**TASK STATEMENT:** What you give must be the lines from the one containing "Kobieta opiera się" through the last line of the listing below, exactly, with nothing else and no pictures.

**GIVEN RECORDS:**
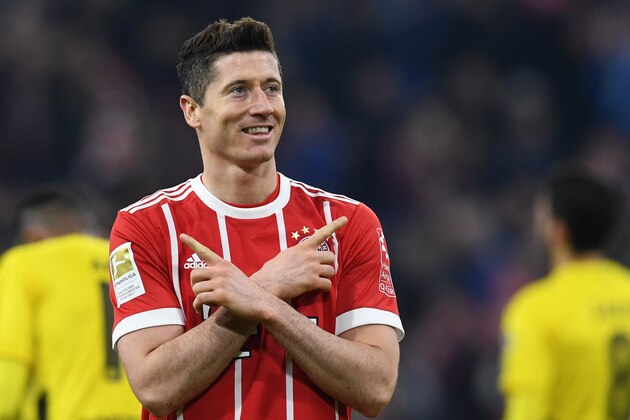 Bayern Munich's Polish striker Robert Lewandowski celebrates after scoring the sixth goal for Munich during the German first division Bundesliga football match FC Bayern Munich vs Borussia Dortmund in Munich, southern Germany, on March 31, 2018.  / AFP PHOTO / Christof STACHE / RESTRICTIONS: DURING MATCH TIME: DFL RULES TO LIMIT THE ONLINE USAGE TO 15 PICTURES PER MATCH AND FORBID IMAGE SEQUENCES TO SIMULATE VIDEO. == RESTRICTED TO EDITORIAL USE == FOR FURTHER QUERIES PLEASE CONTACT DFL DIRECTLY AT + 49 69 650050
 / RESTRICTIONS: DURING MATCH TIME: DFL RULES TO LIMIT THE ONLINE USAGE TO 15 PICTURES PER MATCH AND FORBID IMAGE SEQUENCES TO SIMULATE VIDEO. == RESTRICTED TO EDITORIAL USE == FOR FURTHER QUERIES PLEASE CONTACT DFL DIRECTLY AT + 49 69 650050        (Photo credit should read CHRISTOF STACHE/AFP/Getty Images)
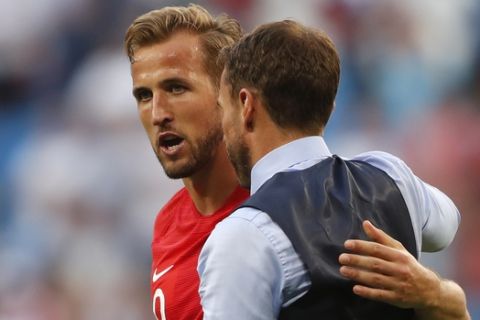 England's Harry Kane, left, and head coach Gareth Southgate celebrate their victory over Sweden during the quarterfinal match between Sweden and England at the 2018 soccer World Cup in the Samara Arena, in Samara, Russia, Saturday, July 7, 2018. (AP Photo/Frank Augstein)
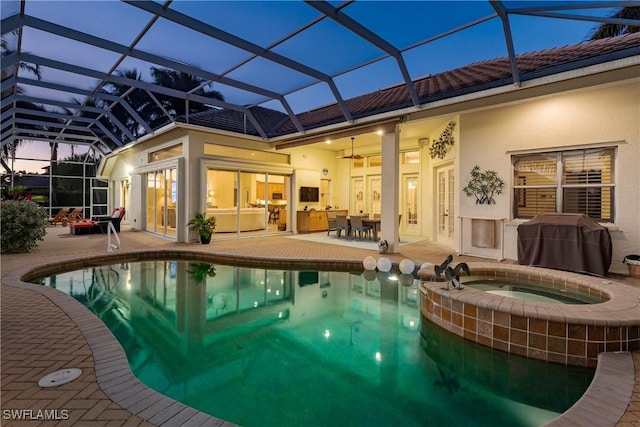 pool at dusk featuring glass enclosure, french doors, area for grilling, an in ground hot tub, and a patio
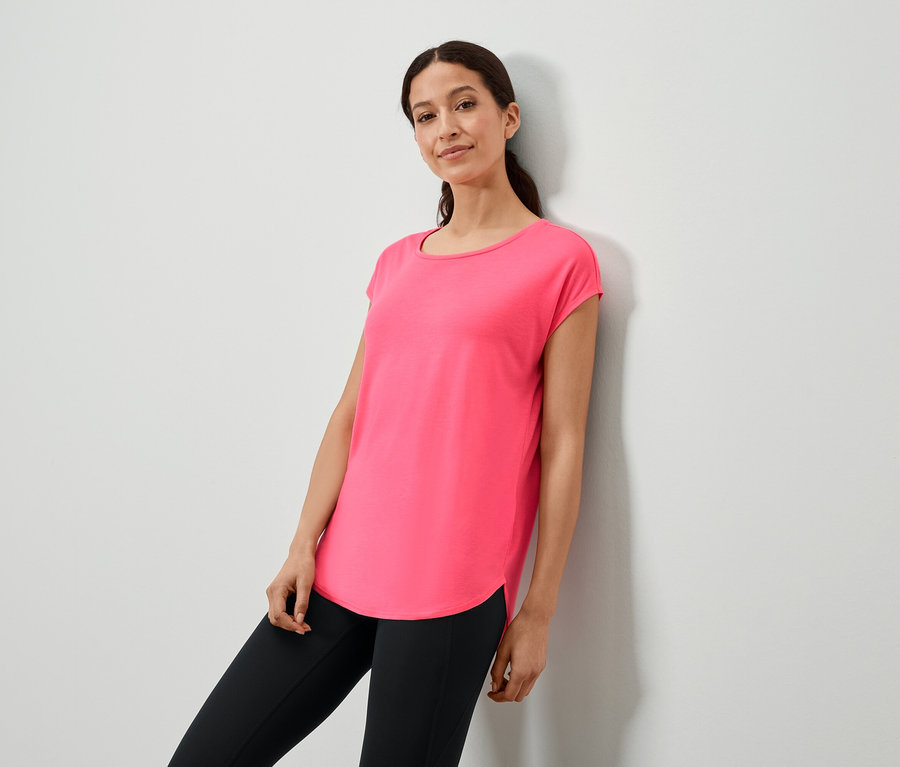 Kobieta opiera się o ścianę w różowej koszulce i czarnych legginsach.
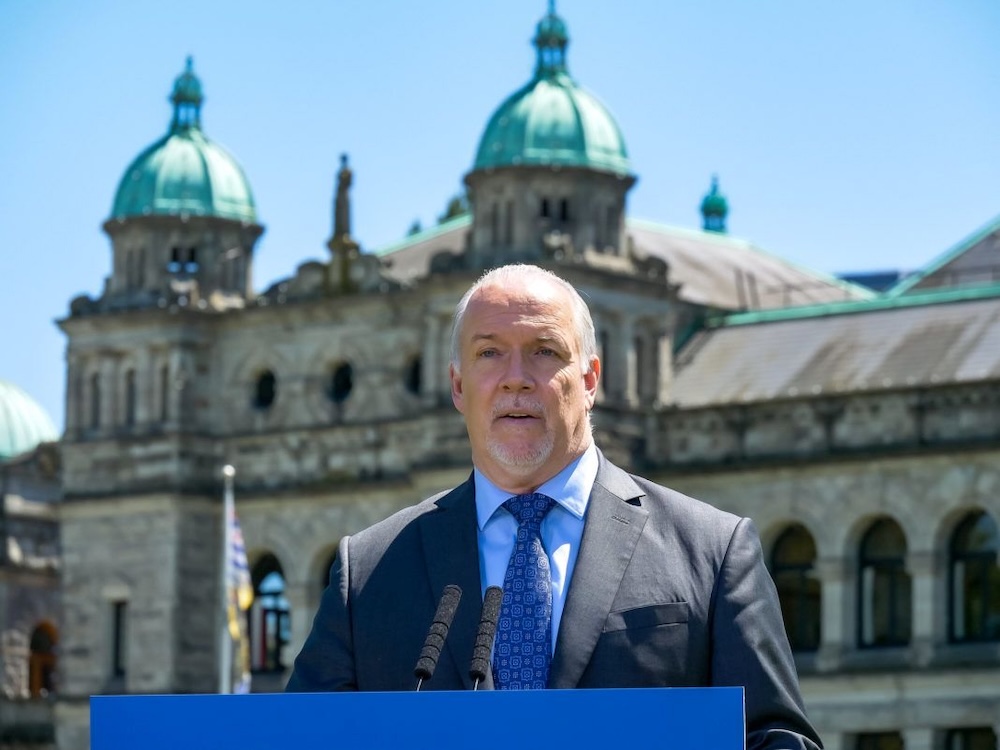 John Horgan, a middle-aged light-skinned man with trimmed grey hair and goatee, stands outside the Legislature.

**REPLY TO THE TASK:**
 Kobieta opiera się o ścianę w różowej koszulce i czarnych legginsach.
 John Horgan, a middle-aged light-skinned man with trimmed grey hair and goatee, stands outside the Legislature.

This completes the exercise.